_Extracted records_:
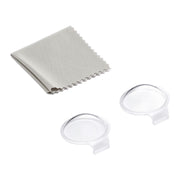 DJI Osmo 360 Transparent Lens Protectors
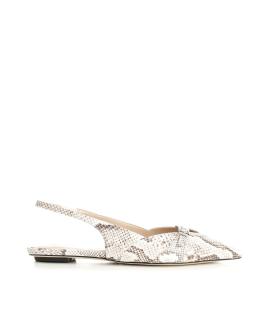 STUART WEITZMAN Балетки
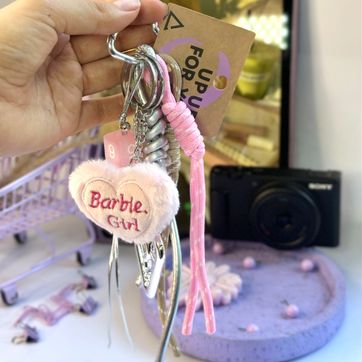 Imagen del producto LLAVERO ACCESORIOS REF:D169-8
---
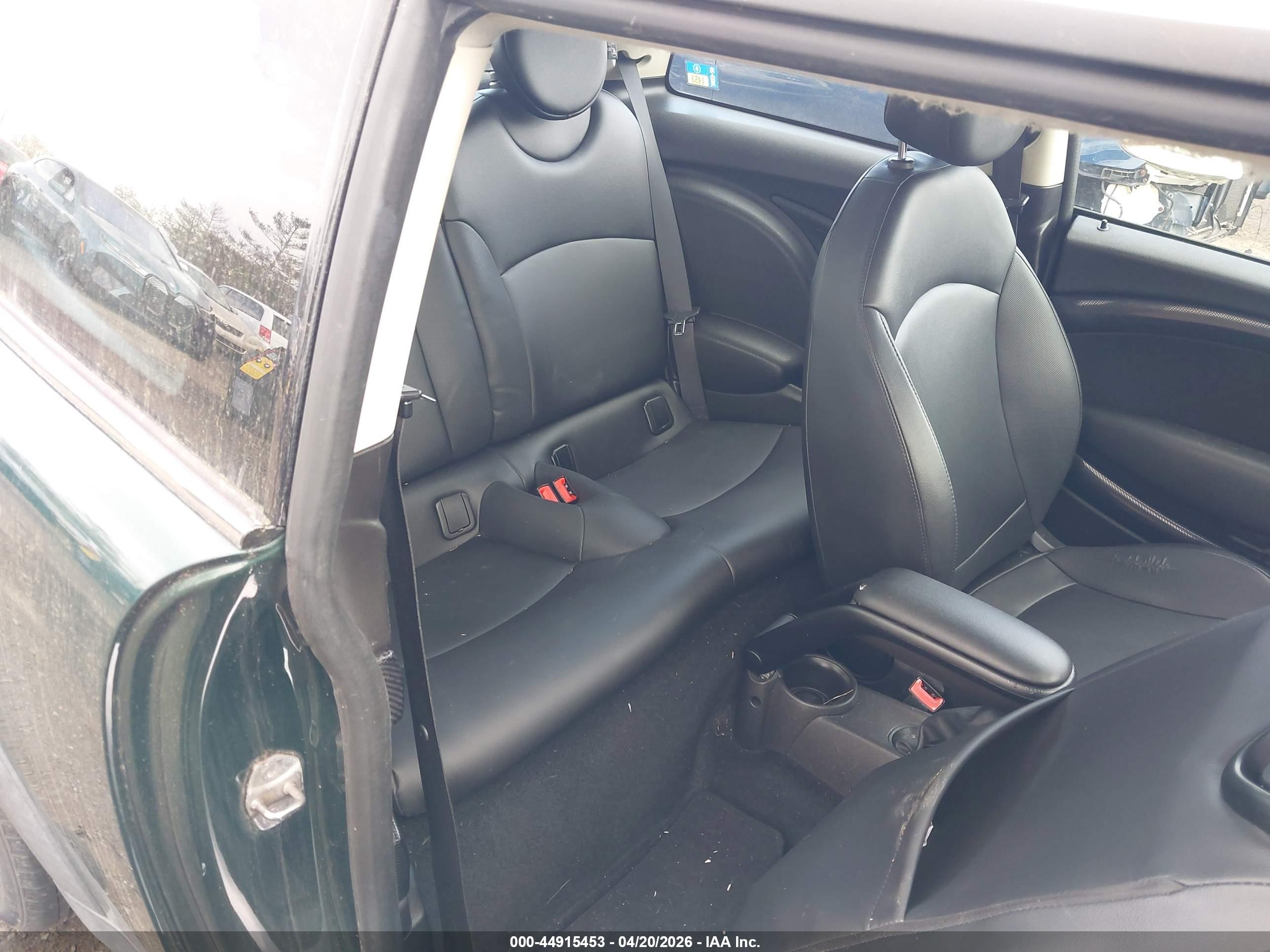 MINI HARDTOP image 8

_Assignment_: Reproduce the lines above starting at the one with "DJI Osmo 360 Transparent Lens Protectors" and ending at the one with "Imagen del producto", both included, exactly and with no pictures.

_Written answer_:
 DJI Osmo 360 Transparent Lens Protectors
 STUART WEITZMAN Балетки
 Imagen del producto LLAVERO ACCESORIOS REF:D169-8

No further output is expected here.